INPUT DATA:
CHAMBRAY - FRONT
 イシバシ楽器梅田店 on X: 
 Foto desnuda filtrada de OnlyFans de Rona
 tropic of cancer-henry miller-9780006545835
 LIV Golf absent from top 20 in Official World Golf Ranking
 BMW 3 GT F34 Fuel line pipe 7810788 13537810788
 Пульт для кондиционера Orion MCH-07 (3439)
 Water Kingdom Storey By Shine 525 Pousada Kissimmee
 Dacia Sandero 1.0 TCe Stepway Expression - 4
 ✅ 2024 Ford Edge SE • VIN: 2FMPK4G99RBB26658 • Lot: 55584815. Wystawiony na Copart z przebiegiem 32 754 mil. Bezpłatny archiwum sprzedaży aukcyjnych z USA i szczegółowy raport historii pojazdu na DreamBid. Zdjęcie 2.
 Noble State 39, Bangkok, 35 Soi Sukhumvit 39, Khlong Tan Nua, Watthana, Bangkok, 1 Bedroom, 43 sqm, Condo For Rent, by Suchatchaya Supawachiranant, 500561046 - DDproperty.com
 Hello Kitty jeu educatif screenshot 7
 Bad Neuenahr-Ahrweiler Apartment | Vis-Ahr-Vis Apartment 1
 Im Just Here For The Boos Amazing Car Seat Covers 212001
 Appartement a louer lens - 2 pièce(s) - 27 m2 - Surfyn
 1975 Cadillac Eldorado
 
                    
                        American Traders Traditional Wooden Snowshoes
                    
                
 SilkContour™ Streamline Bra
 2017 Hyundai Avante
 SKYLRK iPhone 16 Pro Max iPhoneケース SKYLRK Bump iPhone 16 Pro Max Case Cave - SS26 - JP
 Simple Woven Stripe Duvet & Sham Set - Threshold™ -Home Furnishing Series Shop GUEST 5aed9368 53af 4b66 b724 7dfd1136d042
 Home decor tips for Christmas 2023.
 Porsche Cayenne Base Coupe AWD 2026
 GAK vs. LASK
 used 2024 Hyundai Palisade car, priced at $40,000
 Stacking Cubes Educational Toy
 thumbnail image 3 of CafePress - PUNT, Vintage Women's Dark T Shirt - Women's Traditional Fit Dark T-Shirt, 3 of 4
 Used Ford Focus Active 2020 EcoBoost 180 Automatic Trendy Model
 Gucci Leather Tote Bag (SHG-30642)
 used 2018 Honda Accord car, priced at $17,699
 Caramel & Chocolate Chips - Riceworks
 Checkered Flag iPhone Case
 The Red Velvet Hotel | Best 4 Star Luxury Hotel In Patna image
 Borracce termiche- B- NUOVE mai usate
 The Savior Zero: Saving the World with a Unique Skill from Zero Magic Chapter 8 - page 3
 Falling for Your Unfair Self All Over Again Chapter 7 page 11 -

ACTIVITY: What is needed is an exact repetition of the lines from the first line of the records through the line containing "Dacia Sandero 1.0 TCe Stepway Expression - 4", both ends included, and nothing more.

ANSWER TO THIS TASK:
CHAMBRAY - FRONT
 イシバシ楽器梅田店 on X: 
 Foto desnuda filtrada de OnlyFans de Rona
 tropic of cancer-henry miller-9780006545835
 LIV Golf absent from top 20 in Official World Golf Ranking
 BMW 3 GT F34 Fuel line pipe 7810788 13537810788
 Пульт для кондиционера Orion MCH-07 (3439)
 Water Kingdom Storey By Shine 525 Pousada Kissimmee
 Dacia Sandero 1.0 TCe Stepway Expression - 4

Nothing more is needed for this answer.